In the wintry months, when the air is still and conditions are right, the night fog rises from the lake and drifts through the moonlight to shroud the land. On those occasions, I like to get myself to the Fill at dawn, just as the sun is topping the foothills of the Cascades. If I’m lucky, the rising sun will warm the air enough to collect the fog into one bank of cloud in perfect alignment with the mountains. It is then that I will see gold.
Quickly I sling my campstool over my shoulder and hurry down the trail. I ignore the flock of American Goldfinches foraging in the alder tops. I can’t stop to look at every one to see if a Pine Siskin or maybe even a redpoll has joined the flock. Nor can I scan the brush to the east of the Lone Pine Tree to locate the Bewick’s Wren who likes to hide there and who starts buzzing as soon as he sees me. I’m convinced the little beggar teases me on purpose. But as my passage swirls the silver mists clinging to the ground, I tell him, “Not today. I have no time for games.”
For I must reach East Point before the sun rises.
The sparrows who have favored the chicory field north of Boy Scout Pond are already awake and active. I can see them rummaging through the grass, pushing the blades aside with both feet at once as they search for seeds. I do not stop, not even when a Lincoln’s Sparrow hops up on a blackberry stem and chips at me, his crest raised in alarm, his black eyes snapping. “You can just put your little crest down,” I pant as I go by. “You know me, and I know you. We see each other every day.”
At last I arrive at the overlook. Just in time. The fog bank has already risen from the water. It lies between me and the sun, just above the foothills, creating a narrow slit for the sun to shine through. The sky turns pink. The sun’s corona glows.

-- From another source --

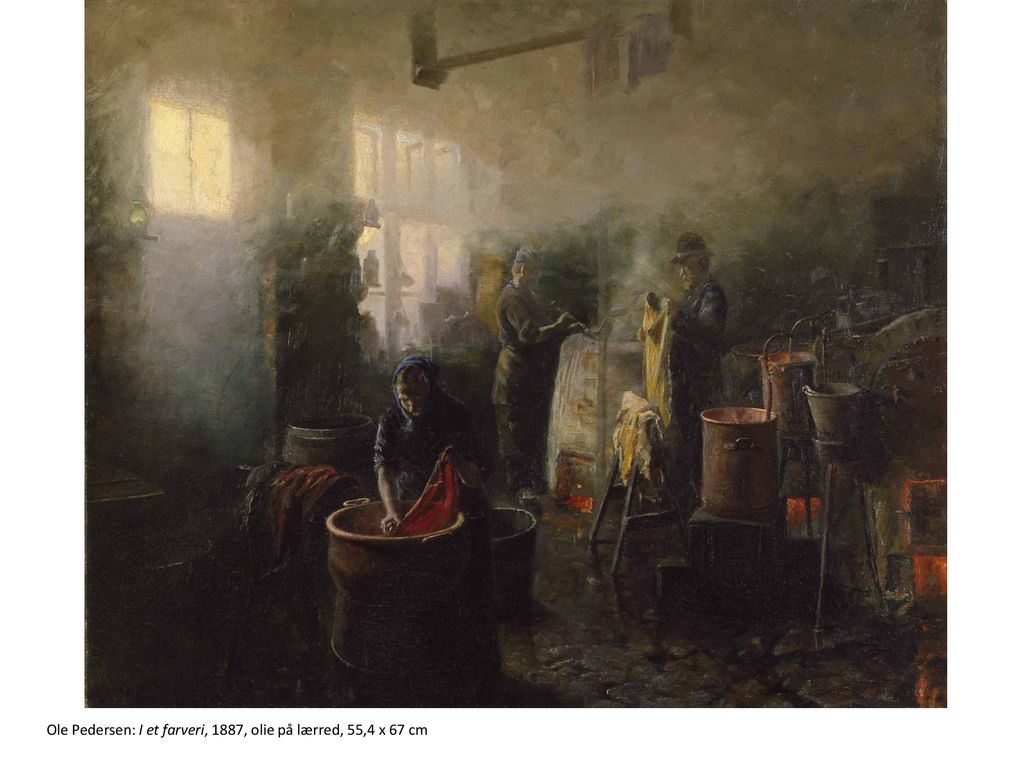 Ole Pedersen: I et farveri, 1887, olie på lærred, 55,4 x 67 cm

And then the light bursts forth, carving a golden path over the water. The path widens until it becomes a road of molten gold, shimmering, beckoning. Ducks and grebes and geese paddle into the shining corridor to soak up the warmth. I cannot tell their species, for I am dazzled.

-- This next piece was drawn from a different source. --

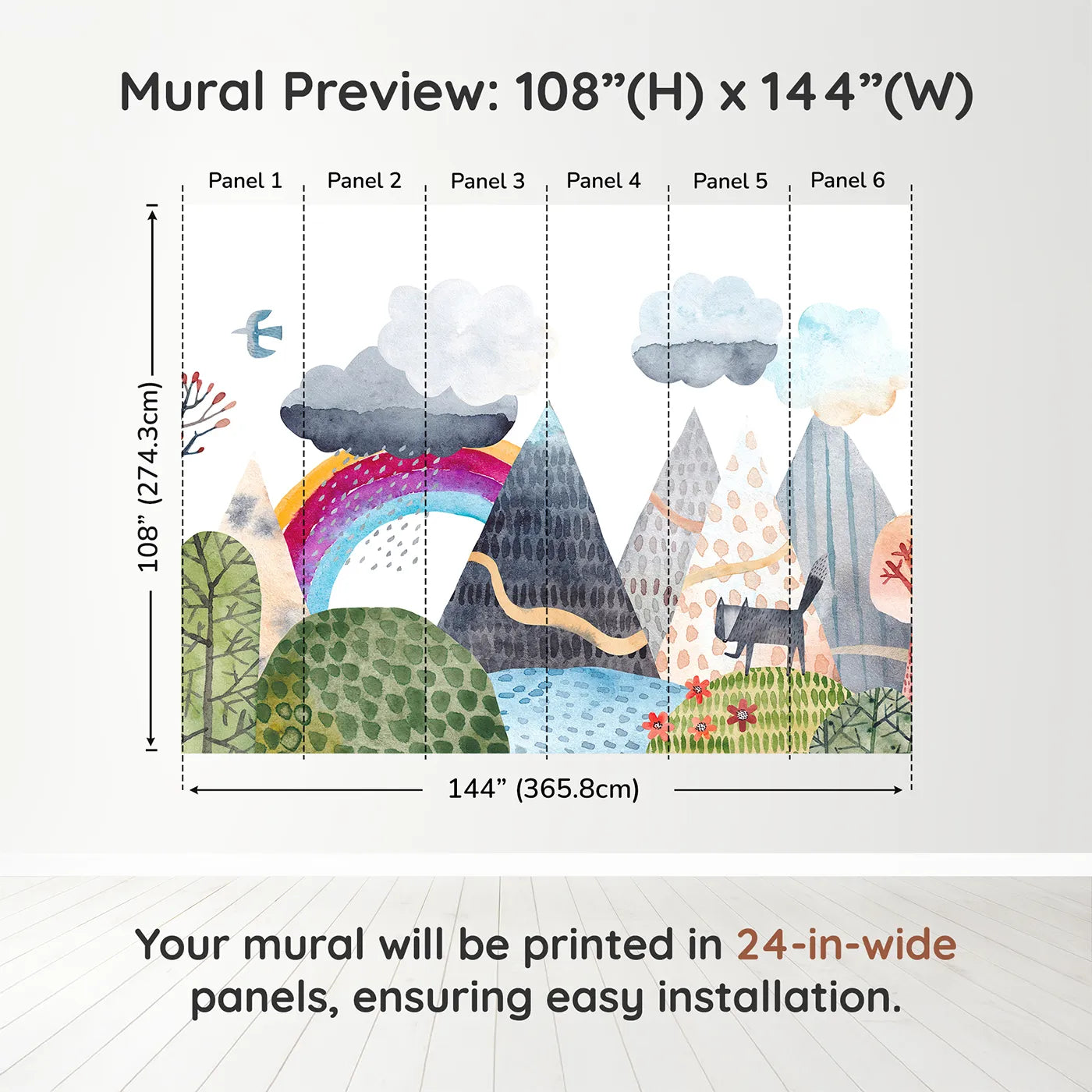 Whimsy Tots Rainbow Mountain Wanderer Wall Muraldimension view (108" H x 144" W). Printed in six 24-inch-wide panels. Gender-Neutral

Everything in my spirit tells me to join them, to step onto the road of light and follow it. Toward what? And how? I do not know, but still I yearn. The sun enters the fog, the light dims, the road narrows, the path disappears. It’s gone.
The Great Blue Heron who has been watching from the shore stirs his feathers briefly and goes back to sleep. He sees the sun-path often, and the mist, the moonlight and the dawn. He lives here. But I can only visit.